Multiple Linear Solvers Introduced in SmartSpice

Introduction

Acknowledging the need for more flexibility, SmartSpice now provides three numerical methods for linear system solution. The additional solvers provide for greater capacity by minimizing memory requirements and reducing the overall simulation time.

Historically, spice simulation tool vendors were locked into using the Berkeley Sparse linear system solver in their products due to its tight integration with the simulation engine, and sometimes even with the implementation of certain analyses and models.

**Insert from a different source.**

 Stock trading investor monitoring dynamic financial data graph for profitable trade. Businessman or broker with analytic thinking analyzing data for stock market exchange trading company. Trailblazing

Therefore, adding a better linear solver into a spice package has proven to be extremely difficult, unless “reverse integration” is accomplished. The solver should be decoupled from the the rest of the spice package so as to present a very clean interface to the simulator. Silvaco has succeeded in this decoupling approach in SmartSpice and managed to avoid any runtime overhead that usually occurs with this kind of restructuring thanks to the approach it chose to perform this task: instead of introducing a new interface layer between the solver and the simulator, Silvaco stripped away the old interface altogether and replaced it with a clean one.

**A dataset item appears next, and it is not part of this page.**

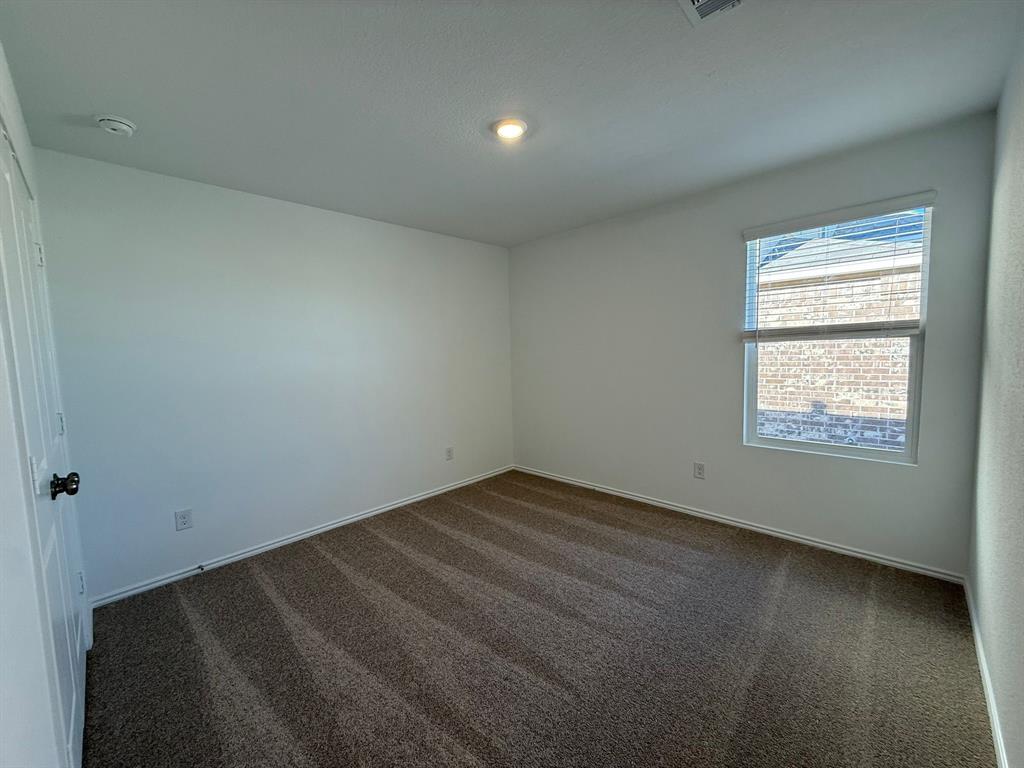 263 Magalia Lane Kyle, TX 78640 - Photo 8 of 37 an empty room with a window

Once this decoupling was implemented, a multitude of different solvers can ce plugged in through the common solver interface without interfering with what customers are used to with previous versions of SmartSpice. This new approach to solving spice linear systems yielded immediate results. What is to become the default SmartSpice solver is an enhanced version of the Berkeley Sparse1.3 solver. The gain with this solver is an average of 10% on overall simulation time. This gain is achieved by merely using a more compact data structure than the original one provided by Berkeley Sparse. The main objective is to improve memory access patterns by putting data accessed around the same time in memory locations close to one another. This is known as spatial locality. This technique was coupled with a cache blocking approach that increases the percentage of useful data loaded into the processor’s cache with each load request from the main memory. Future versions of this solver library will show much better speeds as there is still room for improvement using for instance temporal locality.